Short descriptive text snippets
━━━━━━

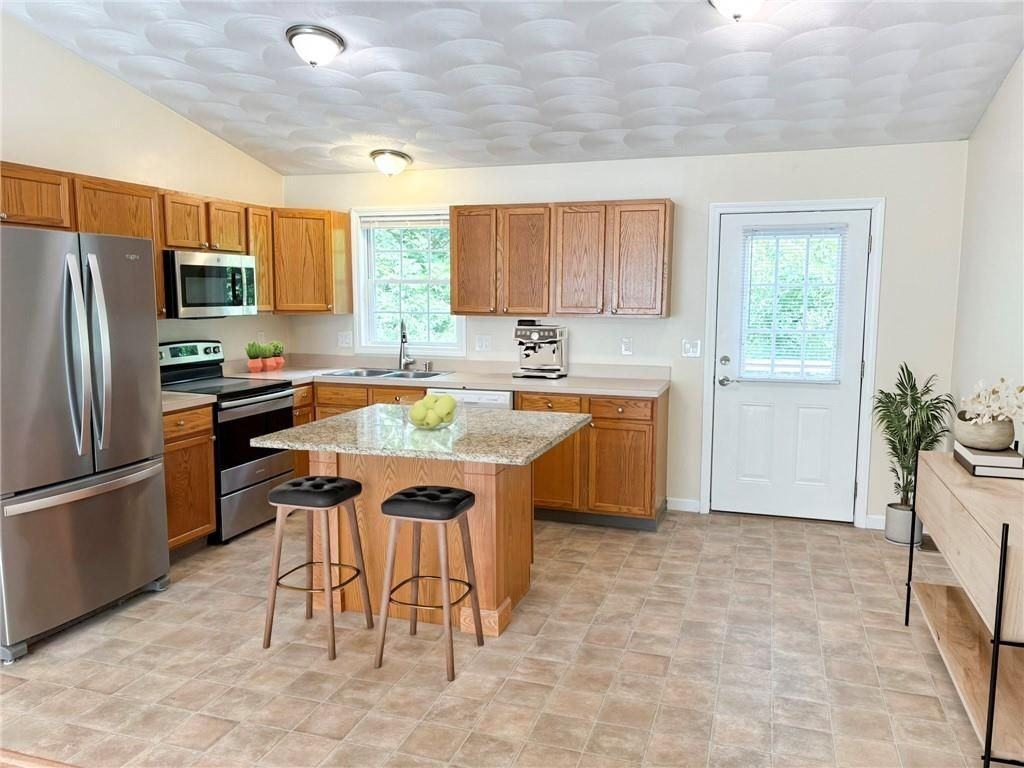 521 10th Ave - Photo 4 of 18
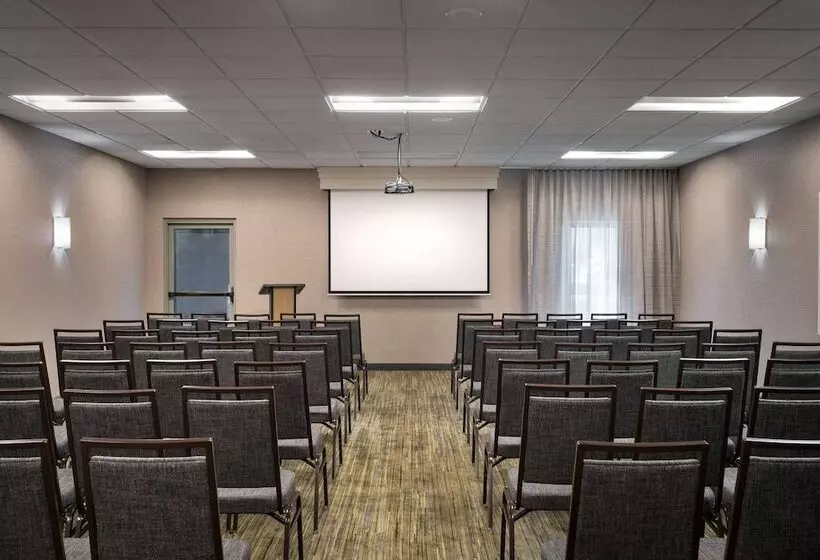 ホテル Sonesta Select Camarillo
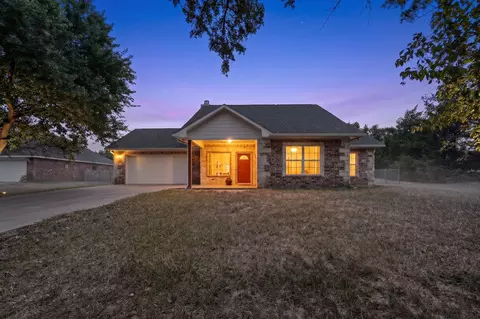 4014 Cox St, Sherman, TX 75090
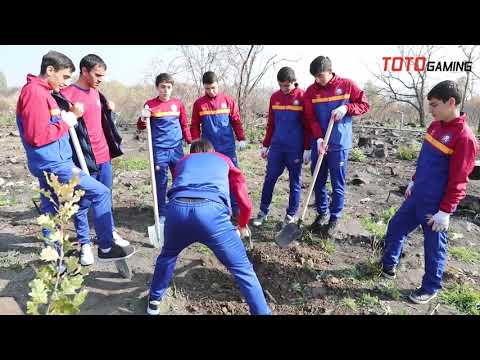 Tree planting feat. Pyunik's players and staff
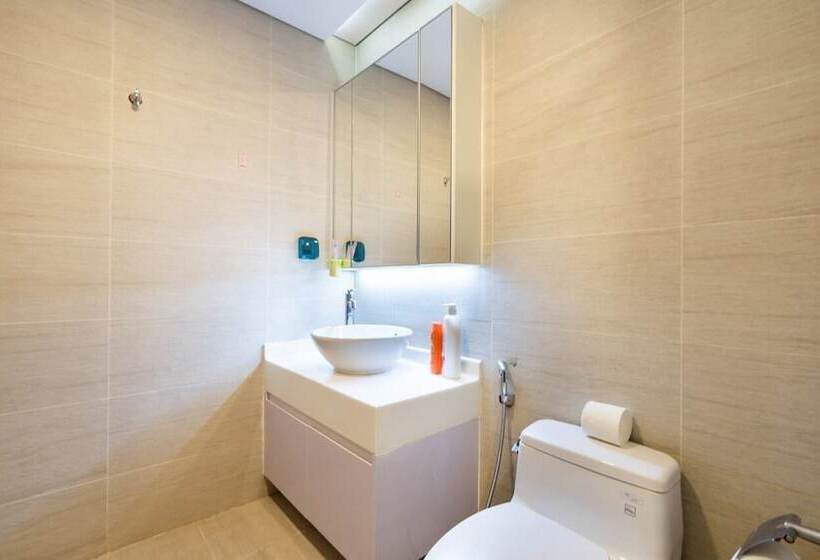 Luxury Landmark   Linh S Apartment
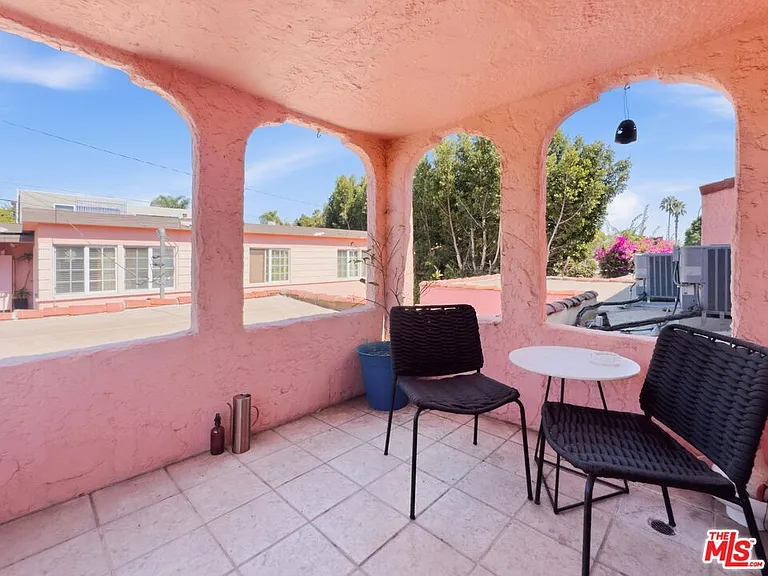 934 N Harper Ave — Photo 14
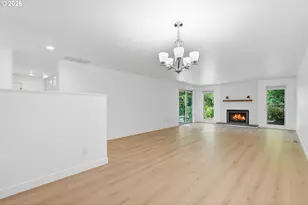 242 Greenridge Dr, Lake Oswego, OR 97035 - Photo 10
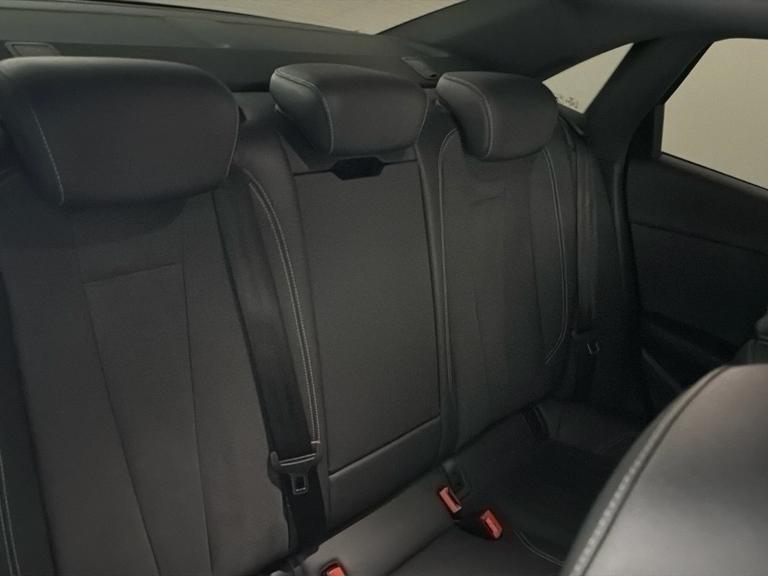 AUDI A4 Photo bsapi-016009f66ce4b9bc2ad975ccd675893126d06543.jpg
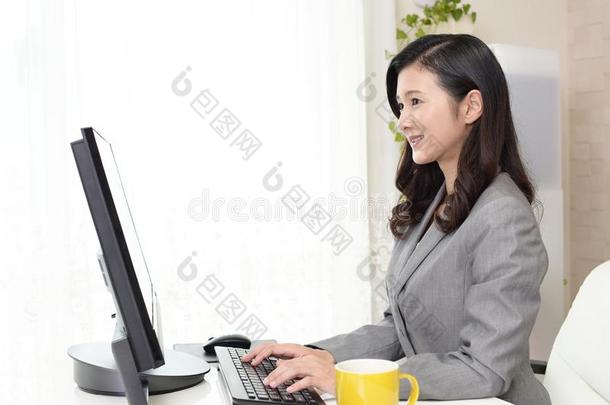 商业女人工作的向一桌面pers向一l计算机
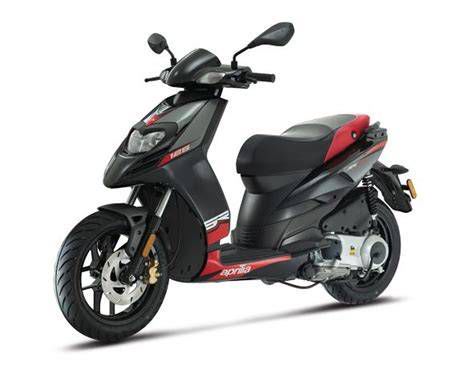 Aprilia SR 50 robogó oldalnézetből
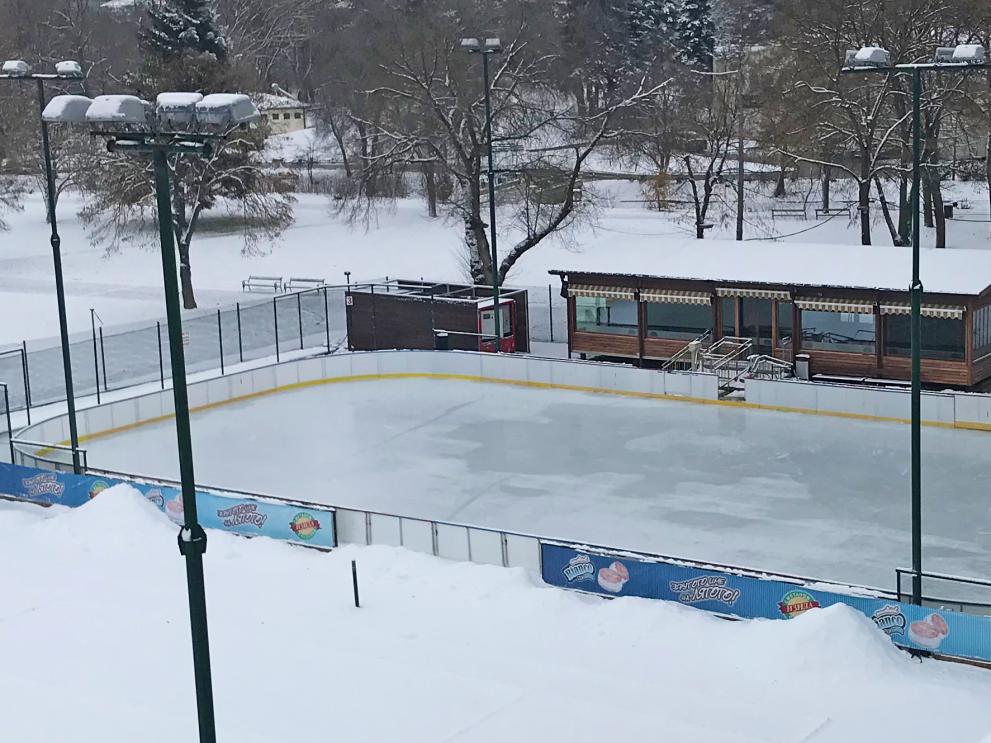Ледената пързалка в парка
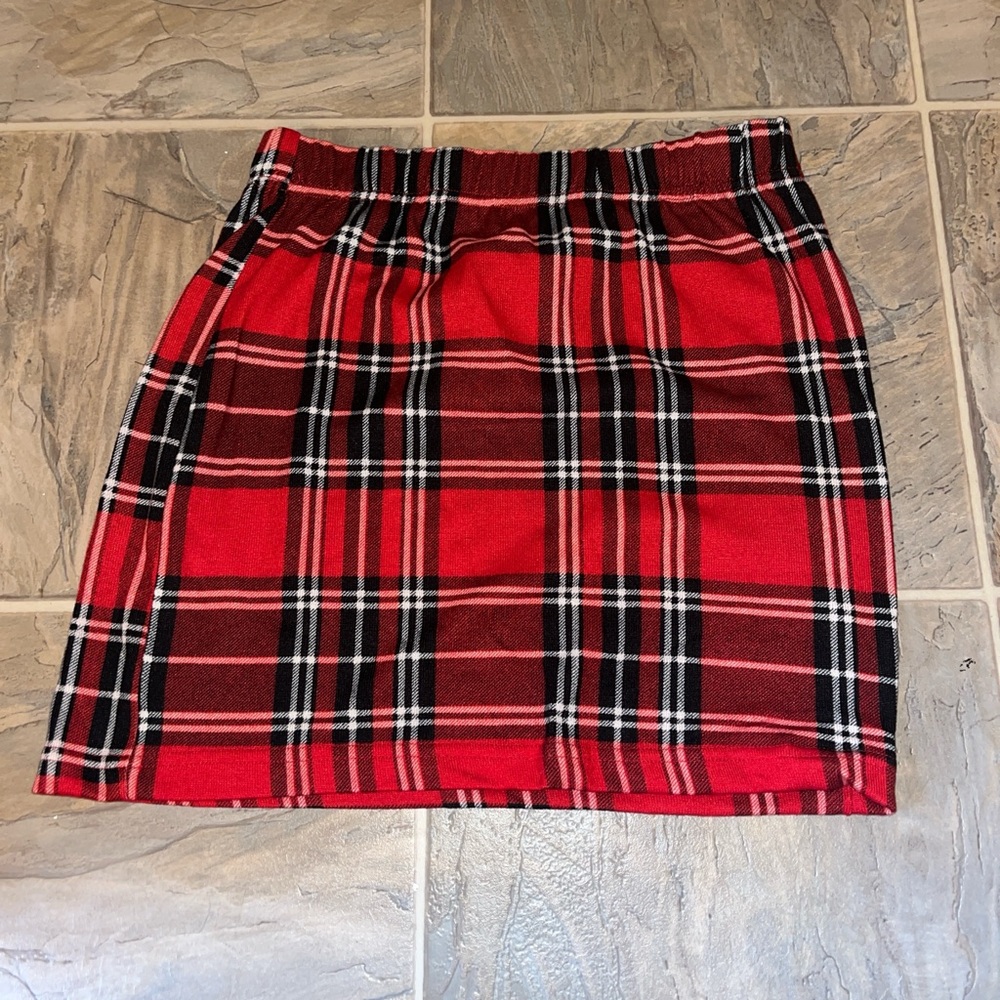 Red plaid skirt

━━━━━━

**About this exercise**.
Starting from the line containing "Tree planting feat.", repeat each line exactly through the end of the entries, including the last, while leaving pictures out.

**Result of the task**.
 Tree planting feat. Pyunik's players and staff
 Luxury Landmark   Linh S Apartment
 934 N Harper Ave — Photo 14
 242 Greenridge Dr, Lake Oswego, OR 97035 - Photo 10
 AUDI A4 Photo bsapi-016009f66ce4b9bc2ad975ccd675893126d06543.jpg
 商业女人工作的向一桌面pers向一l计算机
 Aprilia SR 50 robogó oldalnézetből
Ледената пързалка в парка
 Red plaid skirt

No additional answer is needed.